Ce mardi à l'Hôtel Beaulac de Neuchâtel, le nouveau Prix Shapers 2018 honorera une première volée de dix lauréats. Le trophée, un lingot de fer, symbolise l'ADN de ces PME et leur richesse. Leur point commun? "Ce sont tous des chefs de petites et moyennes entreprises qui n'ont pas hésité à investir dans les développement qu'impose la société 4.0", explique Xavier Comtesse, de Manufacturing Thinking, l'initiateur de cette distinction. Créé il y a cinq ans ce think tank, d'abord dévolu au secteur horloger, a depuis élargi son champ d'observation et couvre tout le champ de l'innovation dans l'industrie en général.
Domaines variés
Les dix entreprises retenues, sur une soixantaine de candidates, ont toutes investi dans des domaines aussi divers que l'impression 3D, le big data, l'intelligence artificielle, la robotique, les nouvelles techniques de management, l'automatisation ou l'internet des objets. "Le 4.0 n'est pas une notion abstraite, comme peut le penser le grand public, souligne Xavier Comtesse. C'est déjà notre quotidien, comme les smartphones, l'internet des objets et les montres connectées, ou la réalité de demain, à l'instar des voitures autonomes. Les innovations dans la reconfiguration des espaces urbains en villes intelligentes, ou smart cities, pour les places de parc notamment sont à nos portes."
Différent des start-up
Tous ces domaines sont habituellement associés au monde des start-up. C'est précisément cet amalgame automatique que ce Prix Shapers entend défaire. "Il y a tout une mythologie de la start-up, analyse Elmar Mock, fondateur de Creaholic, à Bienne, et membre du jury. C'est très bien, j'y ai d'ailleurs grandement contribué, cependant les strat-up ont déjà la reconnaissance qu'elles méritent, ce qui n'est pas cas pour les petites et moyennes entreprises."

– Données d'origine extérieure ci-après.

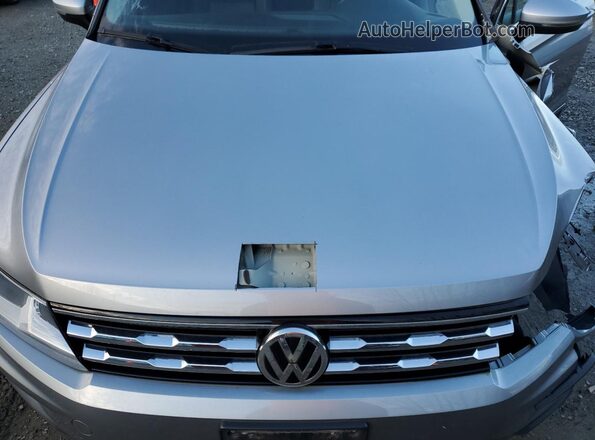 3VV2B7AX4MM071617 2021 VOLKSWAGEN TIGUAN Silver ძრავის განყოფილების ხედი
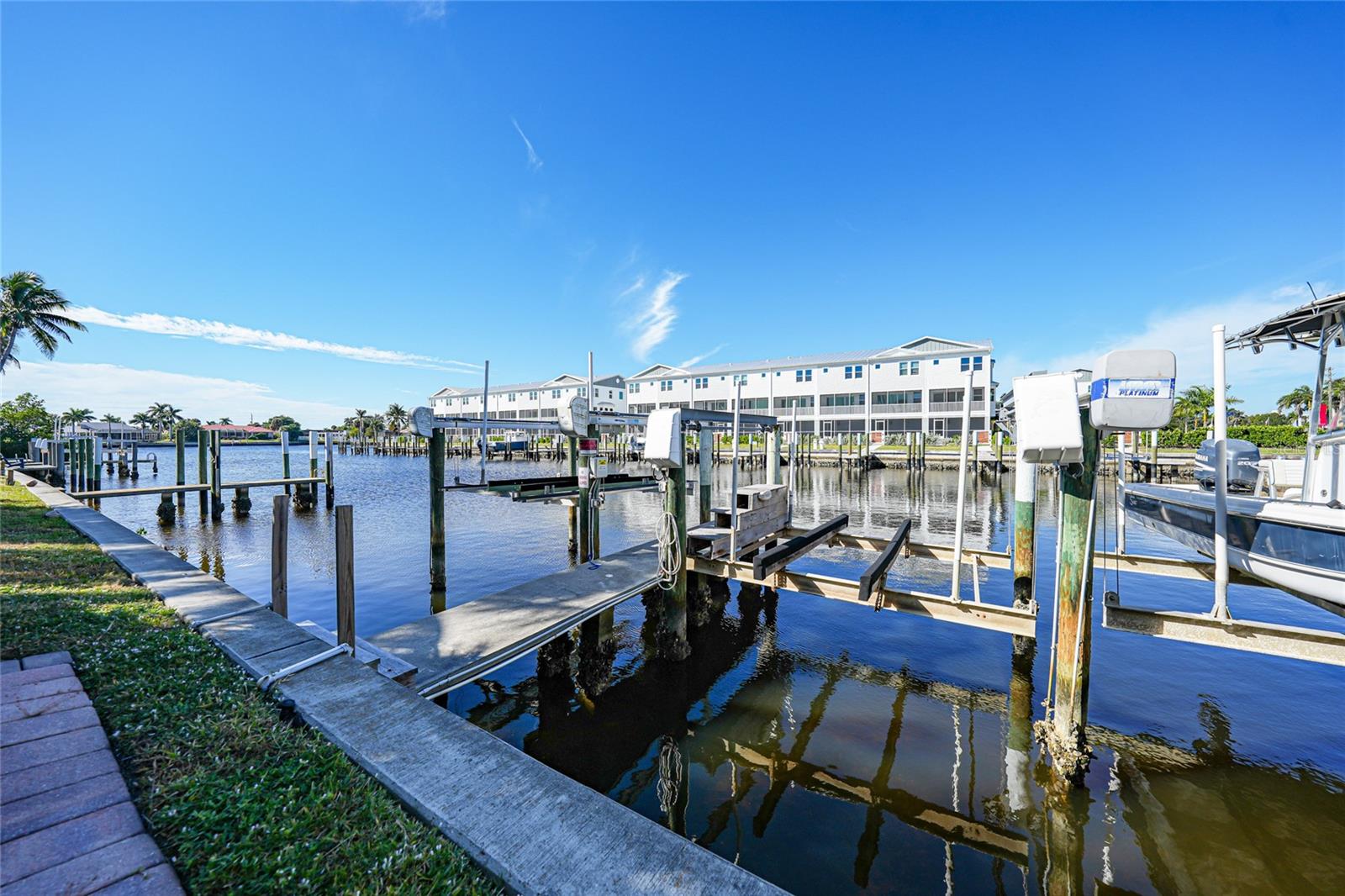 Image 45 of 55 For 290 Lewis Circle 121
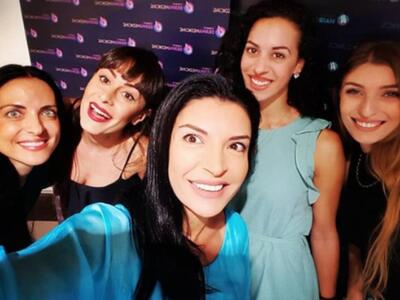 H πανέμορφη Μαρία Ιωάννου αφέθηκε στα &q...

La société ViDi Systems SA, créée par Reto Wyss, active dans le "machine learning", Factory5 et sa nouvelle approche de la sur-traitance industrielle, regenHU et ses technique d'impression 3D du tissu vivant, le centre MMT de la marque horlogère Frederique Constant, ou le management horizontal introduit dans sa PME Apco Technologies SA par Aude Pugin : tout ces exemples montrent que les entreprises dites traditionnelles "sont capables de prendre des risques et d'investir pour s'adapter à la modernité, en pensant à l'avenir plutôt qu'au rendement à court terme", pointe Elmar Mock. "Prenez l'exemple de l'entreprise Willemin-Macodel, dont le directeur R&D Denis Jeannerat a mis au point une machine 4.0 numérique qui est un système de visionnement des pièces qu'elle produit, reprend Xavier Comtesse. Si la pièce a le moindre défaut c'est elle qui corrige d'elle-même la machine!"
Attirer les jeunes diplômés
Les PME sont les forces vives du tissu économique suisse : elles totalisent environ 90% des emplois de l'industrie. "Mais on parle davantage des start-up, ou des grands groupes comme ABB, Siemens ou Nestlé", rappelle Xavier Comtesse. Les mettre en avant, c'est aussi signaler aux jeune générations. "Les jeunes qui sortent fraîchement diplômés des écoles spécialisées pensent en général d'abord aux grandes entreprises ou aux incubateurs de start-up, mais moins aux petites entreprises."
Moins sexy? "Peut-être, mais à tort, constate Xavier Comtesse. Et puis, elles sont souvent en périphérie des centres urbains, voire en hauteur, notamment dans l'arc jurassien. Mais leur vitalité et leur modernité sont indéniables."
Toutes ces PME partagent une vision qui s'étend sur une ou deux générations, et ont su éviter le double écueil du conservatisme (répéter les gestes des prédécesseurs) et de la minimisation des risques. "Les start-up sont les bébés dans la pouponnière, tandis que ces entreprises sont les jeunes adultes du monde industriel. Elles valent bien un coup de projecteur.